▸ Problem requirements
A word-for-word copy of the data is what's wanted, with no pictures.

[Opening Supplied data section]

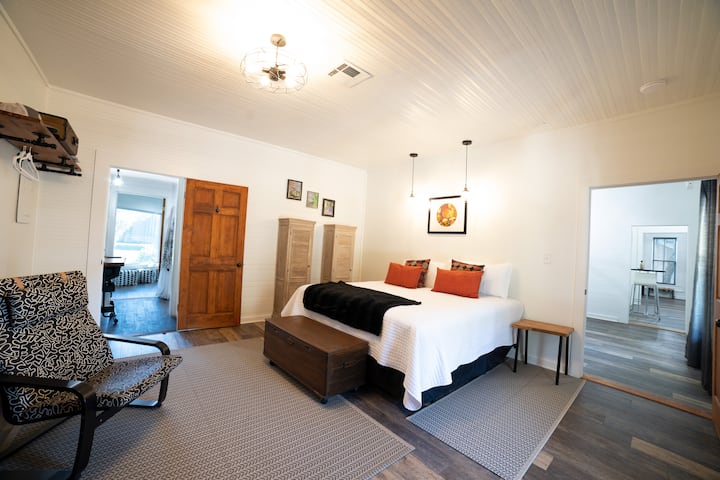 The master bedroom and the master bath view of the creek are amazing.  Spacious, private, a brand new king size bed will have you relaxing in no time.  The master bedroom is just off the dining area to right in this picture with the kitchen beyond.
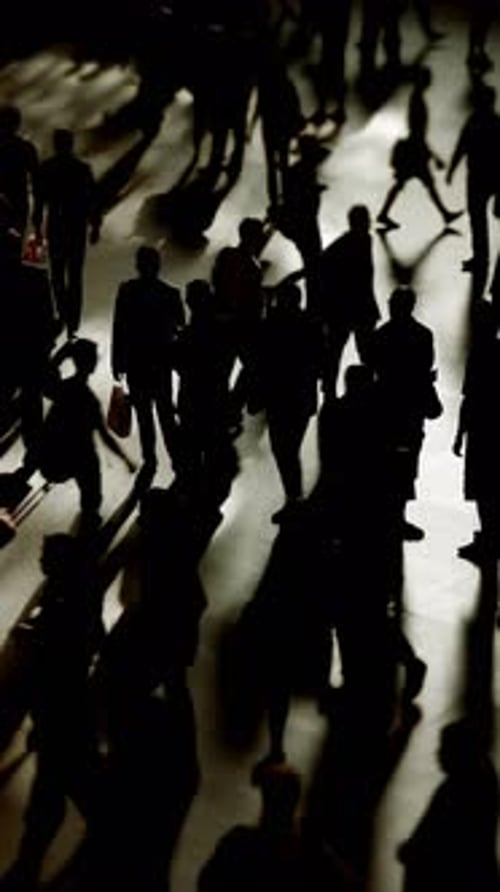 Silhouetted People Walking in an Urban Area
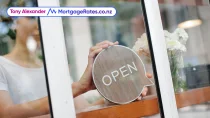 Woman holding 'open' sign in shop window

[Closing Supplied data section]

▸ Answer
 The master bedroom and the master bath view of the creek are amazing.  Spacious, private, a brand new king size bed will have you relaxing in no time.  The master bedroom is just off the dining area to right in this picture with the kitchen beyond.
 Silhouetted People Walking in an Urban Area
 Woman holding 'open' sign in shop window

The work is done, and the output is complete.